TASK TO CARRY OUT >> Only the stretch below from the line holding "How to set up" through the line holding "Hey guys, this" should be restated, word for word and with both ends included; pictures stay out.

DATA FOR THIS TASK >>
----------

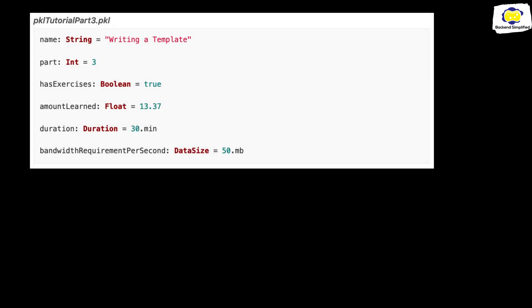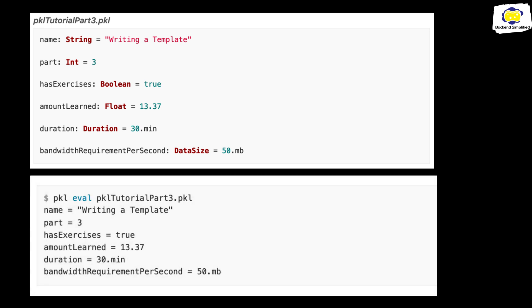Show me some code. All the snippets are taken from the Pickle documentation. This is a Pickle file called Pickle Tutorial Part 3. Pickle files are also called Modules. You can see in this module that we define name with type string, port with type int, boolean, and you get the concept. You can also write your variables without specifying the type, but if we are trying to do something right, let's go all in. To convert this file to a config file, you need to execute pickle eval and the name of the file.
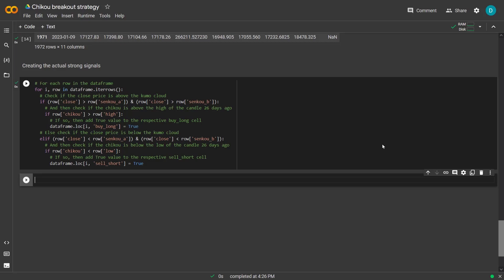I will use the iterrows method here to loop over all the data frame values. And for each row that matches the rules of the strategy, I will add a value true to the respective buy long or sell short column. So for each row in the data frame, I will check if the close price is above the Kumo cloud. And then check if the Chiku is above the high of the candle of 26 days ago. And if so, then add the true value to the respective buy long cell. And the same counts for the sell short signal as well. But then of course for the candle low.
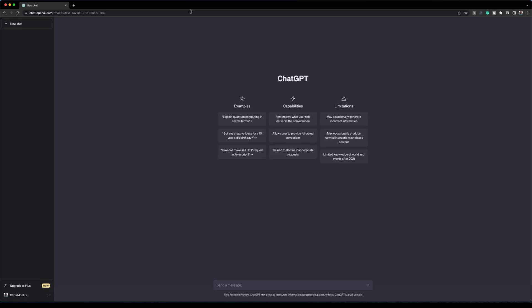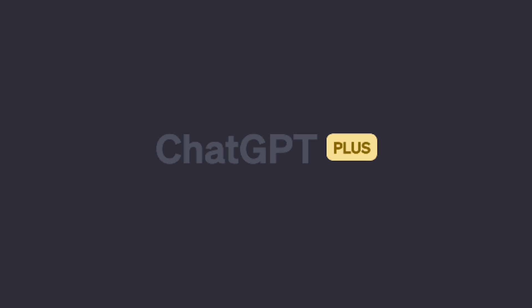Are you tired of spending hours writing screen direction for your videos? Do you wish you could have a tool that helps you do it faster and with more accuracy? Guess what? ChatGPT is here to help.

----------

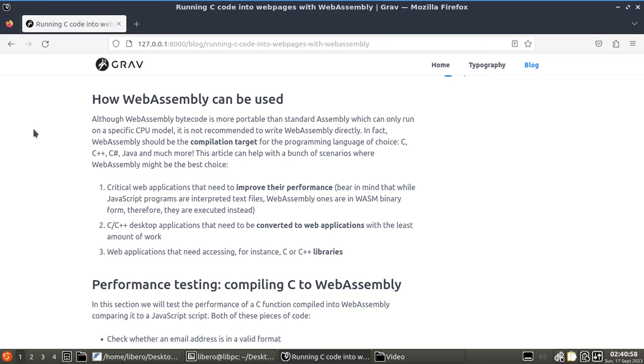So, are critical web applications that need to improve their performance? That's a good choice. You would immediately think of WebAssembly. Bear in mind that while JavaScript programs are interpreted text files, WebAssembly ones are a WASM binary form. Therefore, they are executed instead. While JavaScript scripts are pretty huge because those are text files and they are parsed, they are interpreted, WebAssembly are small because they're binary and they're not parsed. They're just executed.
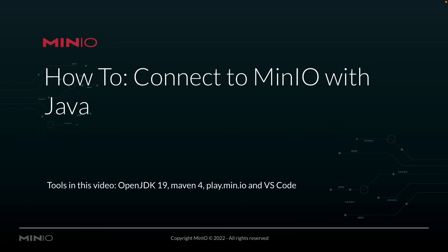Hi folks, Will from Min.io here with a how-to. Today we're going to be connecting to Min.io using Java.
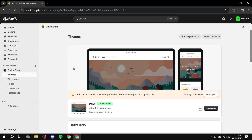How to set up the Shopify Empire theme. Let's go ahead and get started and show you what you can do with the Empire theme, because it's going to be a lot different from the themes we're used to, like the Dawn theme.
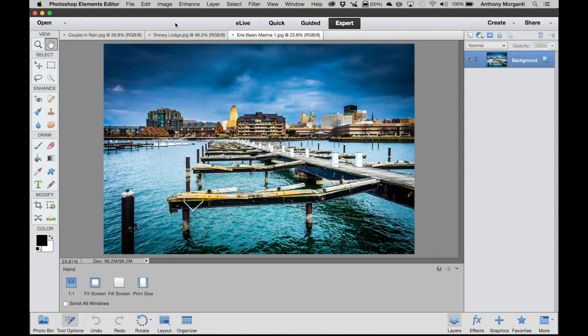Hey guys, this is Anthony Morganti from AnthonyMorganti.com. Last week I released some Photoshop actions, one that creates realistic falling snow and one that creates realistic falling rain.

----------

EXPECTED ANSWER >>
How to set up the Shopify Empire theme. Let's go ahead and get started and show you what you can do with the Empire theme, because it's going to be a lot different from the themes we're used to, like the Dawn theme.
Hey guys, this is Anthony Morganti from AnthonyMorganti.com. Last week I released some Photoshop actions, one that creates realistic falling snow and one that creates realistic falling rain.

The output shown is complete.